__WHAT IS BEING ASKED__:
For the records that follow, please set down exactly the lines between the one holding "Badger (Meles meles)" and the one holding "Trees For Canterbury", inclusive, and only those.

__THE RECORDS__:
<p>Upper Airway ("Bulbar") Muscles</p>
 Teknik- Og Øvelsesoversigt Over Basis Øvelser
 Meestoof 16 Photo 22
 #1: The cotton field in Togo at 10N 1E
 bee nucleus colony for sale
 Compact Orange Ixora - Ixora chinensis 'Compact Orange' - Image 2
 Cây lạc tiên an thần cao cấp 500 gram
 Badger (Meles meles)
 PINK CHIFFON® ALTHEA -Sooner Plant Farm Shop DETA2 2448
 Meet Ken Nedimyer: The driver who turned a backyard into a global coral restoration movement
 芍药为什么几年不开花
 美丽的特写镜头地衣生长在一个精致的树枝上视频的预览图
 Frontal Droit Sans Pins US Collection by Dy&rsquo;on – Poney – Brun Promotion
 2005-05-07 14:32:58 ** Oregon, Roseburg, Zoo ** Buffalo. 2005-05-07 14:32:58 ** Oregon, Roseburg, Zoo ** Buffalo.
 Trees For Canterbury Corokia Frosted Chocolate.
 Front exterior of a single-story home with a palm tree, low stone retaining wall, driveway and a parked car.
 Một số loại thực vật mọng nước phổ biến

__TASK RESPONSE__:
 Badger (Meles meles)
 PINK CHIFFON® ALTHEA -Sooner Plant Farm Shop DETA2 2448
 Meet Ken Nedimyer: The driver who turned a backyard into a global coral restoration movement
 芍药为什么几年不开花
 美丽的特写镜头地衣生长在一个精致的树枝上视频的预览图
 Frontal Droit Sans Pins US Collection by Dy&rsquo;on – Poney – Brun Promotion
 2005-05-07 14:32:58 ** Oregon, Roseburg, Zoo ** Buffalo. 2005-05-07 14:32:58 ** Oregon, Roseburg, Zoo ** Buffalo.
 Trees For Canterbury Corokia Frosted Chocolate.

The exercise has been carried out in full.